Later today, Google is streaming its Pixel 6 launch event online. You can catch it live right here if you’re interested. Of course, we’ll hear about the new Tensor chip powering the Pixel 6, new cameras and photo features, as well as many other Android 12 goodies. My hope though? Google shows off a feature to run Android apps on a Chromebook from the phone.
That might sound silly. After all, you can already run Android apps on a Chromebook out of the box. Enable the Google Play Store and off you go.
But more than a year ago, when considering a Microsoft Surface Duo, I saw that using phone apps on a computer that didn’t have the mobile software installed looked pretty handy. And I suggested that Google would be keen to improve the Chrome OS Phone Hub to be similar.
Why? Rather than cluttering up Chrome OS with all of a phone’s Android apps on a Chromebook, it’s just as effective to “stream” those apps on a laptop without installing them. This helps with local storage constraints and reduces some of the confusion between “Is this a Chrome app, a PWA, or an Android app?” when using a Chromebook.
Earlier this week, XDA Developers shed little more light on how Android apps on a Chromebook could be accessed from the phone, even when not installed on Chromebook:
Presumably, when you receive a notification on your phone, and it’s forwarded to your Chromebook, you will be able to click on it to open the said app in a window for a brief period.
I’m not sure what “brief period” means but I assume that you’ll have enough time to interact with the Android apps on your Chromebook and then close the mobile application. The key thing here is that the Android app won’t have to be installed on the Chromebook. As long as it’s on your Android phone, the Chrome OS Phone Hub will shoot it over in the context of whatever the notification suggests. There’s no need to stop using your Chromebook, pick up your phone, take action, put the phone down, and revert back to your Chromebook.

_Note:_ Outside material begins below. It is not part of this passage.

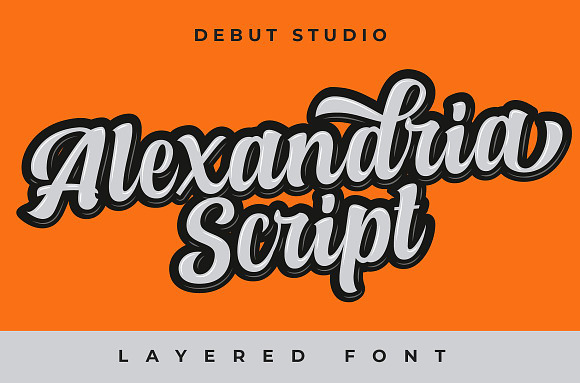 Belyard - Layered Script Font – MasterBundles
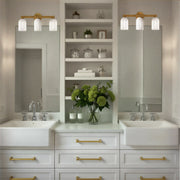 Lotus 3 Light 22.75" Bathroom Vanity in Luxe Gold in a room setting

My instinct tells me that if Google does launch this feature, it will be exclusive to its own line of handsets. That would mean the Pixel 6 launch is a perfect time to show off this “better together” feature with Chromebooks. Even if the feature isn’t ready for prime time, Google could easily demonstrate it, however briefly.
Don’t have or want a Pixel? I doubt that’s going to be a problem if you still want Android apps on a Chromebook, using your phone. Google typically makes certain features exclusive to the Pixel lineup at launch but eventually trickles them down into Android proper. By keeping such features exclusive for a short while, Google can push potential buyers to its new Pixel 6 phones, which is a smart strategy.
How about it: Is this a feature you would use on your Chromebook, whether it’s Pixel exclusive or not?